CHICAGO: The Mellon Foundation has today released the National Survey of Artists, a study conducted by NORC at the University of Chicago, a nonpartisan research organization. It sheds new light on the lives, work, and economic realities of creative workers and provides insight for funders, policymakers, and arts organizations working to strengthen support systems for artists nationwide, amid shifting economic, professional, and social conditions.
Drawing on responses from a nationally representative sample of artists and culture bearers, the study set out to offer one of the most comprehensive portraits to date of how creative workers sustain their practices. It expands national understanding of who counts as an artist, beyond those who earn a living solely from their art, while revealing the complex ways creative workers build their livelihoods, often across multiple jobs, and the unique financial challenges they face.
“Artists are essential to how we understand and shape the world around us, yet we have long lacked a complete picture of who they are and how they make their lives and work possible,” said Mellon Foundation program director for arts and culture Deana Haggag in a statement. “By expanding our definition of what it means to be an artist and illuminating the diverse conditions under which they live and work, we hope this study helps the field imagine systems and possibilities that can more fully sustain creative life in the United States.”

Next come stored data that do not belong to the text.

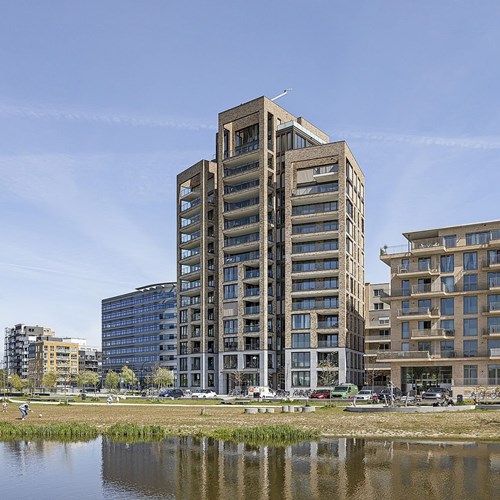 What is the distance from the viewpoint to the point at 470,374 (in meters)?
91.9

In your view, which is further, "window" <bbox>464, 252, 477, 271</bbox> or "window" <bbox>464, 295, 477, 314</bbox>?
"window" <bbox>464, 252, 477, 271</bbox>

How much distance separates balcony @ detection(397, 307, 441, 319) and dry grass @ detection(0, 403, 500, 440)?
38852 mm

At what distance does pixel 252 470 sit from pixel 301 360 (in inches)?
3317

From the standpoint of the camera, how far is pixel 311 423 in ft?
162

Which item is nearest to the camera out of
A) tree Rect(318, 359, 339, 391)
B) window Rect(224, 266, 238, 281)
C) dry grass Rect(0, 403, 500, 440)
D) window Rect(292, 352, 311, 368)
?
dry grass Rect(0, 403, 500, 440)

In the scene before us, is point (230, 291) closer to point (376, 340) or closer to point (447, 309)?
point (376, 340)

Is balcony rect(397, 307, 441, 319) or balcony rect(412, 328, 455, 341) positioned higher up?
balcony rect(397, 307, 441, 319)

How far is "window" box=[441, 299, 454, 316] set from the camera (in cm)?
9557

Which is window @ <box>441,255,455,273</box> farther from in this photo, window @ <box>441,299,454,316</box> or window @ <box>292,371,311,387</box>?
window @ <box>292,371,311,387</box>

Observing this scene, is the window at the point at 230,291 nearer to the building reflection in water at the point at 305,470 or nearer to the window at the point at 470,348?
the window at the point at 470,348

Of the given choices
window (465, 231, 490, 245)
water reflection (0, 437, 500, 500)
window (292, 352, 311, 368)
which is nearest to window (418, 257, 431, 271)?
→ window (465, 231, 490, 245)

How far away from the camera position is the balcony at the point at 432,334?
94.6 meters

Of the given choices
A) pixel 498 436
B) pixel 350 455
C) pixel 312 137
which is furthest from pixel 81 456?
pixel 312 137

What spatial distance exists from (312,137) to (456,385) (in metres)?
60.0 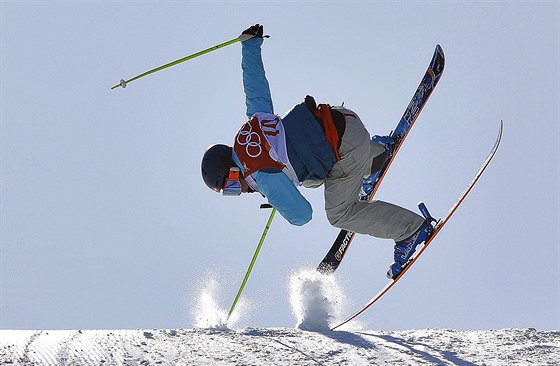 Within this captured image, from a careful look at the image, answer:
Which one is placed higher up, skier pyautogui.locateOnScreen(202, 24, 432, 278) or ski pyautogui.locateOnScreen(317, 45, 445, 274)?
ski pyautogui.locateOnScreen(317, 45, 445, 274)

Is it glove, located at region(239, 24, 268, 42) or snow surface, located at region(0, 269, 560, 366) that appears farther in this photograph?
glove, located at region(239, 24, 268, 42)

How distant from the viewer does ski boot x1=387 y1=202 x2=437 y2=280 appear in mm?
7286

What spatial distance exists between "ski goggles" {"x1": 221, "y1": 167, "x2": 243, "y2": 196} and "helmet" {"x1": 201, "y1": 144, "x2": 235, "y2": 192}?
0.11 feet

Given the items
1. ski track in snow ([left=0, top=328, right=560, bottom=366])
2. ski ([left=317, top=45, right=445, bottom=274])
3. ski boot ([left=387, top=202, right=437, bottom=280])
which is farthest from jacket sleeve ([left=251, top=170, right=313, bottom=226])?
ski ([left=317, top=45, right=445, bottom=274])

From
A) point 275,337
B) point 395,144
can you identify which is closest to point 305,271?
point 395,144

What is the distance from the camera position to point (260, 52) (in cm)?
675

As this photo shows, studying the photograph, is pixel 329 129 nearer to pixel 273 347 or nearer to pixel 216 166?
pixel 216 166

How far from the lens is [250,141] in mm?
6383

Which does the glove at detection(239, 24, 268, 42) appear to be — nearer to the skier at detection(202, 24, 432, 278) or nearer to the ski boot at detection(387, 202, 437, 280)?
the skier at detection(202, 24, 432, 278)

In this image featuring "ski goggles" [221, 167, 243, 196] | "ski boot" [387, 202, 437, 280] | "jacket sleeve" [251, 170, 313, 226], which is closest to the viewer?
"jacket sleeve" [251, 170, 313, 226]

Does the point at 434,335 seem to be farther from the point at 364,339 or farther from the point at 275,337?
the point at 275,337

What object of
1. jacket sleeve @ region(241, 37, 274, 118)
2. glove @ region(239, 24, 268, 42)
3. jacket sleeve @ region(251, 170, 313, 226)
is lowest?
jacket sleeve @ region(251, 170, 313, 226)

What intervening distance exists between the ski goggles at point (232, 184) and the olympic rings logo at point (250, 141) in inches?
8.2

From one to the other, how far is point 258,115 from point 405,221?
1.60m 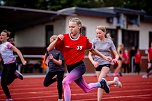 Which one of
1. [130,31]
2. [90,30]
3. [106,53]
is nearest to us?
[106,53]

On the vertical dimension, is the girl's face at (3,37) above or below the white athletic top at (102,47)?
above

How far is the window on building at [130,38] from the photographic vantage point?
1391 inches

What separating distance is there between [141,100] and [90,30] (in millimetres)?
20265

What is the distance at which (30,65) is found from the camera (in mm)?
28828

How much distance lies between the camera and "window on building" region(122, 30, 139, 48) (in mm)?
35331

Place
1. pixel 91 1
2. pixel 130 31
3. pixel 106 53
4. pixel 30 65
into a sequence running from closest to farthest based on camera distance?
pixel 106 53, pixel 30 65, pixel 130 31, pixel 91 1

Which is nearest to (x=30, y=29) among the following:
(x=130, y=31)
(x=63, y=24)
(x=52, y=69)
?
(x=63, y=24)

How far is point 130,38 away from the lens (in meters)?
35.9

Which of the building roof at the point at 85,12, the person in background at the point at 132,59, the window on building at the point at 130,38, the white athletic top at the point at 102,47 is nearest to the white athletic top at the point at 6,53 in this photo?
the white athletic top at the point at 102,47

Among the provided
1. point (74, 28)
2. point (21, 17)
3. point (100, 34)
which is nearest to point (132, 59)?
point (21, 17)

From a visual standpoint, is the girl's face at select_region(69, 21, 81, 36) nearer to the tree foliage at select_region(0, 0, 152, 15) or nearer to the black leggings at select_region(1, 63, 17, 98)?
the black leggings at select_region(1, 63, 17, 98)

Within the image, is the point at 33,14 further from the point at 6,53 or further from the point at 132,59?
the point at 6,53

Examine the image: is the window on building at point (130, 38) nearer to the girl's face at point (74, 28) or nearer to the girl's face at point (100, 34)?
the girl's face at point (100, 34)

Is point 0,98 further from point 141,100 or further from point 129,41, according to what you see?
point 129,41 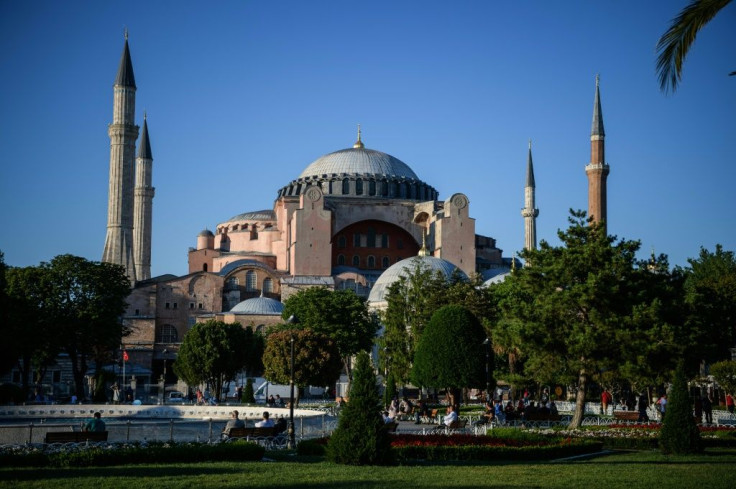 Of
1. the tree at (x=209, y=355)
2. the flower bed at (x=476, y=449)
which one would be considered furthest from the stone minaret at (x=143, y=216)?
the flower bed at (x=476, y=449)

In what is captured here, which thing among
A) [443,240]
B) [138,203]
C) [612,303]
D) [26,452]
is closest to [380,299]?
[443,240]

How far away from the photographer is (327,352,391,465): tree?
1348 cm

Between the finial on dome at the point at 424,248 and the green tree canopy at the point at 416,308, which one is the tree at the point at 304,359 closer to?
the green tree canopy at the point at 416,308

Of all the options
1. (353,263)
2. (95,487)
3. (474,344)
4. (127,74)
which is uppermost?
Result: (127,74)

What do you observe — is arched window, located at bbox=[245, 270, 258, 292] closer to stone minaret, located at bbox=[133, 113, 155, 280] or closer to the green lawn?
stone minaret, located at bbox=[133, 113, 155, 280]

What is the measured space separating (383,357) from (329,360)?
2.41 meters

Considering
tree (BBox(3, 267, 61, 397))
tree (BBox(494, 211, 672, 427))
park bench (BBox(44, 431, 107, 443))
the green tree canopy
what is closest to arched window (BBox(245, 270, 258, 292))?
tree (BBox(3, 267, 61, 397))

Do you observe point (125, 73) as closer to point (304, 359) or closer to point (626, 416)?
point (304, 359)

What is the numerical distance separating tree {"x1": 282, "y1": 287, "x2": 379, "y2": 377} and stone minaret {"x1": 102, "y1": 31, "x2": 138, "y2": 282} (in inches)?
535

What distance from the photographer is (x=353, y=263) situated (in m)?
64.0

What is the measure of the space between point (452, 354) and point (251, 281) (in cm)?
3336

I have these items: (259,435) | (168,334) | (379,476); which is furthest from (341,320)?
(379,476)

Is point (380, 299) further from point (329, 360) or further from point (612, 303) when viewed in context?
point (612, 303)

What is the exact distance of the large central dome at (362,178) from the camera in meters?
65.5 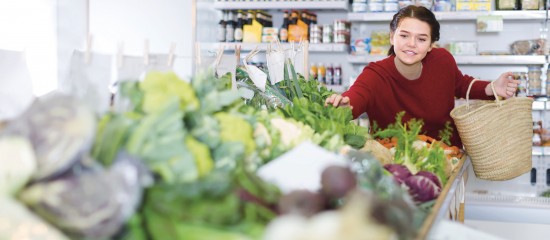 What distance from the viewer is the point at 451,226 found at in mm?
1517

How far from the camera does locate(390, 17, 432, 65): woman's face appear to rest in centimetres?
308

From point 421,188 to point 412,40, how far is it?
1489 millimetres

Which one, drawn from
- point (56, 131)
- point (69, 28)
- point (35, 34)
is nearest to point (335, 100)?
point (56, 131)

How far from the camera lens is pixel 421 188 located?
172 centimetres

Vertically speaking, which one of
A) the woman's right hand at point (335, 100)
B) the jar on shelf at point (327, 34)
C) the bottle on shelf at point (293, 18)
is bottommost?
the woman's right hand at point (335, 100)

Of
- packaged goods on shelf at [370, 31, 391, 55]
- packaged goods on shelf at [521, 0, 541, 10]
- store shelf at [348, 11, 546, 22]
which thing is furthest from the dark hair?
packaged goods on shelf at [521, 0, 541, 10]

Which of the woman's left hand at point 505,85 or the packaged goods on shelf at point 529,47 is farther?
the packaged goods on shelf at point 529,47

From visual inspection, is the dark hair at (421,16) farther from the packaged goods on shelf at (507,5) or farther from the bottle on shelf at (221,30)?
the bottle on shelf at (221,30)

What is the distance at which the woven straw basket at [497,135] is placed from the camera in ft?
9.26

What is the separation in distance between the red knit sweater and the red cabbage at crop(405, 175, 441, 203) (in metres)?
1.48

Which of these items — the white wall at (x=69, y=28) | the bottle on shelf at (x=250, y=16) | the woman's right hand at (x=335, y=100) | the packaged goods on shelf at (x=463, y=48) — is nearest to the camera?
the woman's right hand at (x=335, y=100)

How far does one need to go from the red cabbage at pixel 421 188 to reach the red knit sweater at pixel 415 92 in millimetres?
1478

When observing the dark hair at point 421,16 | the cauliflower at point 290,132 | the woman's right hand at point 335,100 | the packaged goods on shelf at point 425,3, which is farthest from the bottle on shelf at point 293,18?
the cauliflower at point 290,132

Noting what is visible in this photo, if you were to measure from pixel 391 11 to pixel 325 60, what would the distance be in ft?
2.73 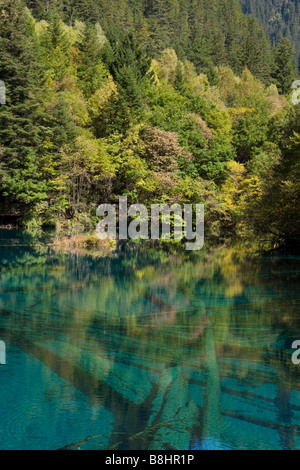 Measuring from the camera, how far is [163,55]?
65.3 metres

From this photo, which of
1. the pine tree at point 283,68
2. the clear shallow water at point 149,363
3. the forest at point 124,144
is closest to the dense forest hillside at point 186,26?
the pine tree at point 283,68

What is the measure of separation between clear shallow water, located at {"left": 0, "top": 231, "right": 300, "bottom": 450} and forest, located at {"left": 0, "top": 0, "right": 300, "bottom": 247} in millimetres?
10941

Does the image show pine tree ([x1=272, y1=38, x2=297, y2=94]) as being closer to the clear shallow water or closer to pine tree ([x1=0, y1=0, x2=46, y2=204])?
pine tree ([x1=0, y1=0, x2=46, y2=204])

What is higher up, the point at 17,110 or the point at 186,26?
the point at 186,26

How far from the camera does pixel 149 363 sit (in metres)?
8.12

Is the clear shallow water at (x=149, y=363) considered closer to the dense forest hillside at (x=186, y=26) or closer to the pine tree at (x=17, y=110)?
the pine tree at (x=17, y=110)

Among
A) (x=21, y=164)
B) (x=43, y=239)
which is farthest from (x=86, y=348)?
(x=21, y=164)

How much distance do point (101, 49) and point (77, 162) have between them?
2398cm

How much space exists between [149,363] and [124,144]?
28.3m

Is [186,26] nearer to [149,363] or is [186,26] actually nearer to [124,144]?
[124,144]

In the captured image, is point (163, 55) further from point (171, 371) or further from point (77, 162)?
point (171, 371)

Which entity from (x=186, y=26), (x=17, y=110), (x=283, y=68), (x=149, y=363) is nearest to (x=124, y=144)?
(x=17, y=110)

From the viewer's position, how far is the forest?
3033cm

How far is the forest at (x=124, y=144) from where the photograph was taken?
30.3m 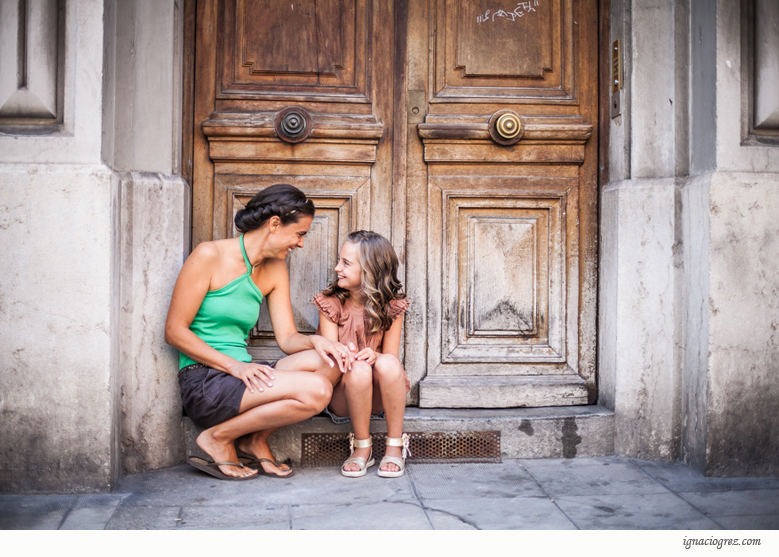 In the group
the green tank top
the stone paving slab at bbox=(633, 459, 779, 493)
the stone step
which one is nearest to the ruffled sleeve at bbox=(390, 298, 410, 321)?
the stone step

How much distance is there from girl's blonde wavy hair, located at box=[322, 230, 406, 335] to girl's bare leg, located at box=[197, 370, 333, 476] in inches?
16.2

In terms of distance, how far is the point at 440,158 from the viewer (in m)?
3.69

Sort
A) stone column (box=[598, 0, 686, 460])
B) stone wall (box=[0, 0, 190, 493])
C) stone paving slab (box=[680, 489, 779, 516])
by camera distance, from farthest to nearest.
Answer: stone column (box=[598, 0, 686, 460]) < stone wall (box=[0, 0, 190, 493]) < stone paving slab (box=[680, 489, 779, 516])

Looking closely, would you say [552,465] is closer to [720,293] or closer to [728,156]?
[720,293]

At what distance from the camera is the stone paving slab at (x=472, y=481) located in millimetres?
2979

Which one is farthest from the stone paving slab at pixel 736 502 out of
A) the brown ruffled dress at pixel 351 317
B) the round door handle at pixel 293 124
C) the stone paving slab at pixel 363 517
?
the round door handle at pixel 293 124

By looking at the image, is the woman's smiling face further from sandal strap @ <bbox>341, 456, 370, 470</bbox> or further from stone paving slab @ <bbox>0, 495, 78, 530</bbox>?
stone paving slab @ <bbox>0, 495, 78, 530</bbox>

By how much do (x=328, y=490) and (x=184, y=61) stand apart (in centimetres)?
235

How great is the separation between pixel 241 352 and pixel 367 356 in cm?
66

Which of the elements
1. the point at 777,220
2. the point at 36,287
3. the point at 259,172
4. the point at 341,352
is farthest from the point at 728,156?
the point at 36,287

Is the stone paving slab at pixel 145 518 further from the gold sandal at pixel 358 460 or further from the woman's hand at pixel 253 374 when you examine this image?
the gold sandal at pixel 358 460

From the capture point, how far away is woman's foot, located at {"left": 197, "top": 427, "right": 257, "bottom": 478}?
125 inches

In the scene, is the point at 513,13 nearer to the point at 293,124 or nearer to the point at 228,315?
the point at 293,124

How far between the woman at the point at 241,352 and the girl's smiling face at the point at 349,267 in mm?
234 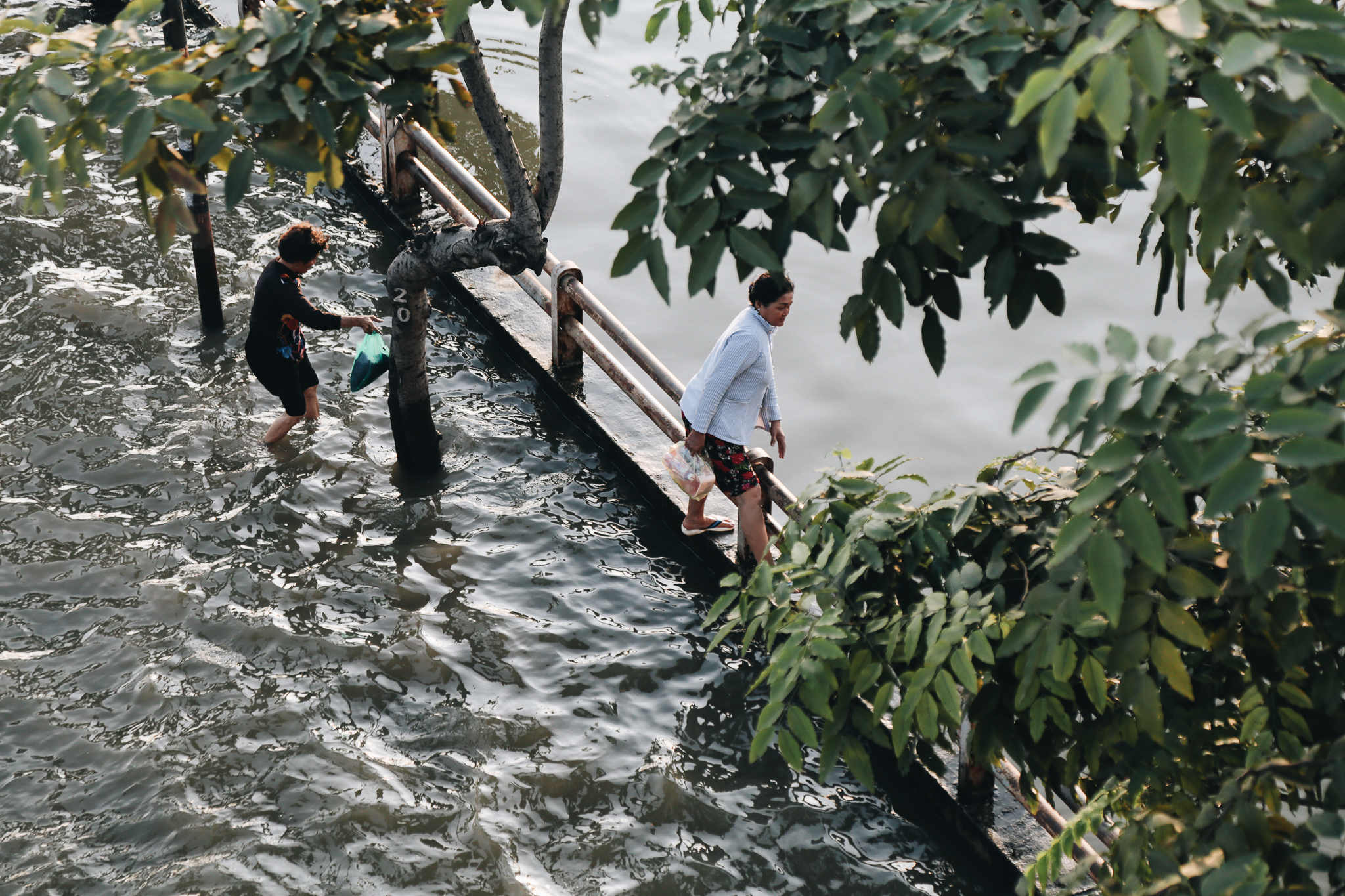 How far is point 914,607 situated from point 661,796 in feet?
9.04

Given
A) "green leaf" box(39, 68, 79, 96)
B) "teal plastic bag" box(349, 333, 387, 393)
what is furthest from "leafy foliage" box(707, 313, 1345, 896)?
"teal plastic bag" box(349, 333, 387, 393)

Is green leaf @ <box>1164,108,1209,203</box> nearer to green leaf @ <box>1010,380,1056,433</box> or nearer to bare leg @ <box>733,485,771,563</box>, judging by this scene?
green leaf @ <box>1010,380,1056,433</box>

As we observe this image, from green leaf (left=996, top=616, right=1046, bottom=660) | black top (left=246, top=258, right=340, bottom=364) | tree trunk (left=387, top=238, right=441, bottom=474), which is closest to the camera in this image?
green leaf (left=996, top=616, right=1046, bottom=660)

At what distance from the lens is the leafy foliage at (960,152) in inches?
81.6

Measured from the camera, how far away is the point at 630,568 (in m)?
7.11

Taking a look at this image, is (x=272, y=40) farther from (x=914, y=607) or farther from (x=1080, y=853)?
(x=1080, y=853)

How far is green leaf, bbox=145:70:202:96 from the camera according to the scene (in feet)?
9.75

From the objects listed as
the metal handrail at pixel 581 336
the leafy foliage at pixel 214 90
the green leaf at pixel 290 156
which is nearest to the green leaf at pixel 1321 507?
the leafy foliage at pixel 214 90

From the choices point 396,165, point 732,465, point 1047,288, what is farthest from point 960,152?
point 396,165

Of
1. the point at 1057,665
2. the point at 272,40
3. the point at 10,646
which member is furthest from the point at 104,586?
the point at 1057,665

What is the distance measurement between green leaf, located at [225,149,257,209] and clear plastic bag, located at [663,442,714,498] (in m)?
3.99

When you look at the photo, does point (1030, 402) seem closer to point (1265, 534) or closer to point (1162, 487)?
point (1162, 487)

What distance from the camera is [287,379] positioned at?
24.9 ft

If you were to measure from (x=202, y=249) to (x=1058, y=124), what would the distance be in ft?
24.5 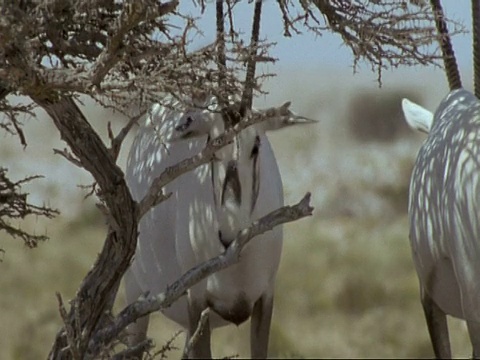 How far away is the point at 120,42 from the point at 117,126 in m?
13.2

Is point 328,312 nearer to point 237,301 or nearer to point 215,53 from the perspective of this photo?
point 237,301

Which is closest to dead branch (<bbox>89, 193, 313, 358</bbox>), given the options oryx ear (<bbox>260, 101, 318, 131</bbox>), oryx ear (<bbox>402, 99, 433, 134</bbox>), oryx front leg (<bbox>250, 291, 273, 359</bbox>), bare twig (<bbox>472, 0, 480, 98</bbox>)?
oryx ear (<bbox>260, 101, 318, 131</bbox>)

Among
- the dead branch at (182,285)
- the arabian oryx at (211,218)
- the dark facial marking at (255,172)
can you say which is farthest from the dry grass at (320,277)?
the dead branch at (182,285)

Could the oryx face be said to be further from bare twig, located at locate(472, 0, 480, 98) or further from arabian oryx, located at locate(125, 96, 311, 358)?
bare twig, located at locate(472, 0, 480, 98)

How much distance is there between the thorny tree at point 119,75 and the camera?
3.05 metres

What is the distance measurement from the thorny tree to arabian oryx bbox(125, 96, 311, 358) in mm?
732

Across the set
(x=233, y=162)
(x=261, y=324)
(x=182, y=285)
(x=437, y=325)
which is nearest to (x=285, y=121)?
(x=233, y=162)

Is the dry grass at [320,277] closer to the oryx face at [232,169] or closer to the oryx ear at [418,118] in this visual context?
the oryx ear at [418,118]

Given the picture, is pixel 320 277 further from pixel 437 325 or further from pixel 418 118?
pixel 437 325

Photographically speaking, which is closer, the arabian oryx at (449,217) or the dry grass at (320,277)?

Key findings show that artists across the United States continue to face significant financial insecurity and complex working lives. More than half (57 percent) of artists reported being somewhat or very worried about at least one form of financial vulnerability, such as affording food, housing, medical care, or utilities, with 22 percent concerned about having enough to eat and 32 percent about covering medical costs in the month ahead.
The survey also highlights the multifaceted nature of artistic employment: 34 percent of artists are fully self-employed, 50 percent are self-employed in their primary job, and 11 percent juggled three or more jobs in the past year. Close to one-third (28 percent) identify as teaching artists, another 28 percent provide unpaid care for a loved one with a health condition or disability, and 8 percent have served in the U.S. military.
The report arrives as inflation and the rise of gig and contract work are reshaping the artistic world, and artists continue to be affected by income instability and limited access to benefits. It provides the field with evidence to inform smarter investments and public policy, and to support systems that can strengthen creative work for the long term. Together, Mellon and NORC invite policymakers, funders, researchers, and arts leaders to use these findings to better understand and support the nation’s artists. A public use dataset is here.
“We’re proud to partner with Mellon on this groundbreaking effort to better understand artists as workers,” said Gwendolyn Rugg, senior research scientist at NORC and lead author of the report, in a statement. “Artists contribute immeasurably to our communities, yet we have only ever had very limited data on them which by and large did not reflect the full population of working artists and culture bearers in the U.S. With the publication of this study, we now have for the first time a more expansive national portrait of who artists are, how they live and work, and what challenges they experience. This lays the groundwork for creating programs and policies that are truly responsive to artists’ needs.”